Geofencing and precise location tracking ensure that your team stays on track during work hours and can even help spot and avoid bad roads or dense traffic on future routes.
However, there are also some important legal matters to consider any time tracking data is used to follow employee activity.
What does the US law say about vehicle tracking for your commercial fleet management?
Federal and State Law on Vehicle Tracking
There are currently no federal laws regarding vehicle tracking. However, there are several state laws regarding any or general employee monitoring. In California, you must get the consent of anyone being tracked, while Connecticut prohibits tracking without first informing the employee. Most privacy laws regard personal data like name and bank information, but location data has been ruled as a potential risk factor if tracked or shared.
If you do business in Europe, you may also be subject to GDPR matters regarding the tracking and use of personal data - including behavioral data like location tracking.

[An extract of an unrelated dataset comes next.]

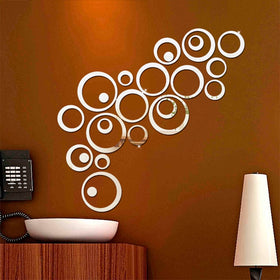 3D DIY Circles Mirror Wall Stickers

That said, it is generally legal to place tracking equipment into any car that is owned by the fleet, and to use that equipment during hours when the driver is operating the vehicle for company purposes.
The Thorny Issue of Employee vs. Vehicle Tracking
When considering the legality of vehicle tracking, it's important to also see location data as both a behavior and an address connected to your driver. For example, location-tracking a personal cellphone might reveal a person's bank branch or their child's school address.

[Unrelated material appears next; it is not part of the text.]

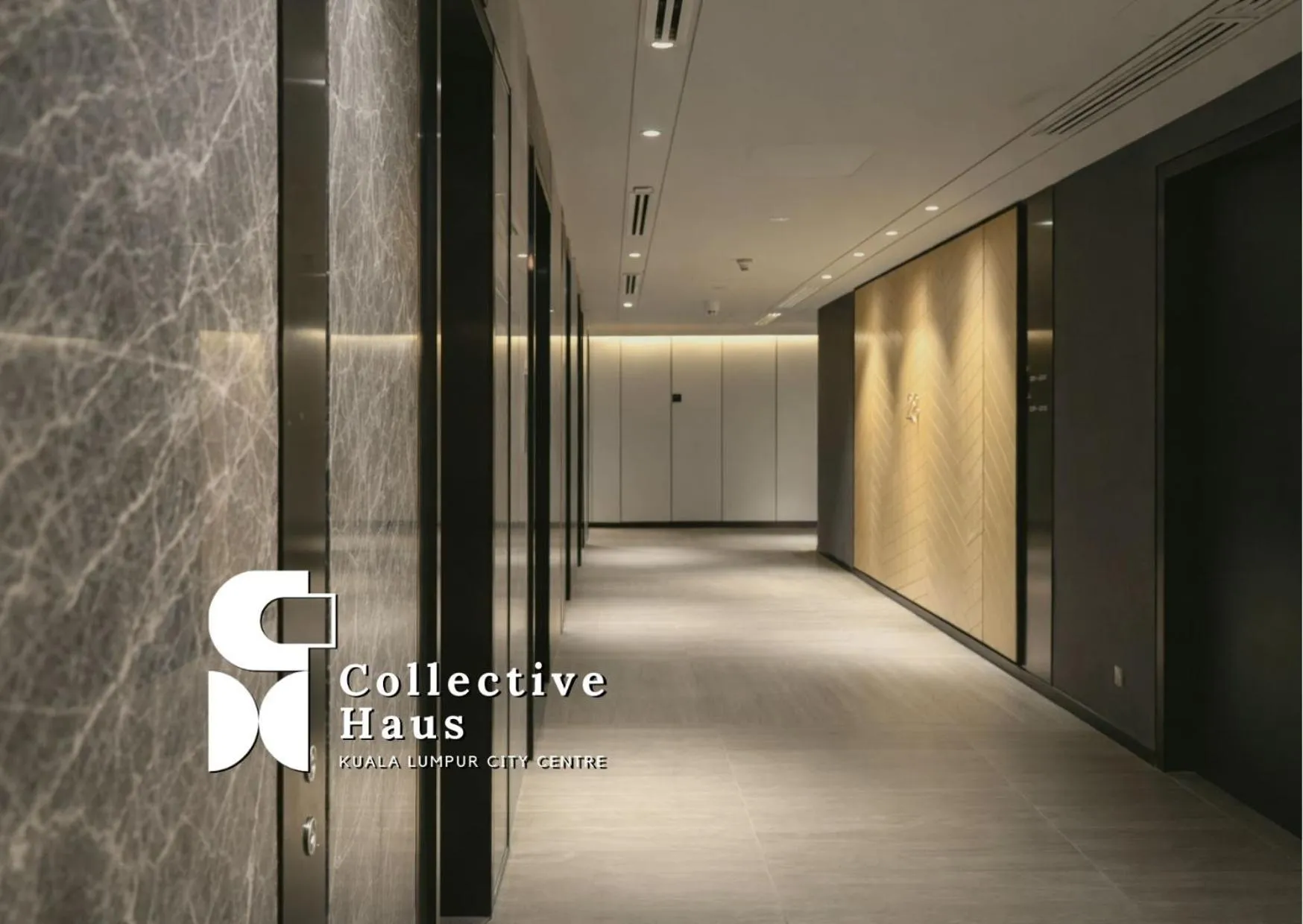 Text overlay in Tropicana Residence Kuala Lumpur by Collective Haus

When you consider how creepy it would be to have a web page that tracked your personal location at all times - and how dangerous that could be with malicious viewers, it's clear to see why some elements of location tracking should be respected. This is why vehicle tracking must be limited to work vehicles and work hours.
Tracking Your Own Vehicles on Company Time
It is legally safe to install GPS and telematics tracking into vehicles owned by the company or fleet. This allows you to optimize your own fleet's performance, and employees using company vehicles can be universally notified that vehicles are tracked for safety and efficiency.
Tracking Your Vehicles in Personal Use
What if you permit drivers to take vehicles home, use company vehicles during travel, or drive vehicles on personal time? If this can happen in your fleet, the location tracking should be turned off except to find the vehicle in an emergency. Do not create data that tracks employee location data during their authorized off-time with a company vehicle.
Tracking Employee-Owned Vehicles on Company Time
What if an employee uses their own vehicle for company purposes? Can you track that vehicle? The answer is yes, but you need far more consent and cooperation to do so legally. Consider the insurance Snapshot program, where drivers insert an OBD when they drive to clock driving behaviors - with a discount for safe driving data. You might use this voluntary tracking method to include personal-vehicle fleet drivers to participate in fleet telematics and GPS tracking - but only when they consent to do so and during work hours.
You can also use a timer program to automatically switch off installed tracking devices at the end of each scheduled fleet shift.
Rules of Thumb for Legal Vehicle Tracking
Transparency and Consent
First, always inform your drivers of when and how they will be tracked when using fleet vehicles. Get consent to track drivers when they are on shift and get that consent in writing. You should also offer your drivers some of the benefits of the tracking - like driver performance telematics so they can a data-driven improvement challenge.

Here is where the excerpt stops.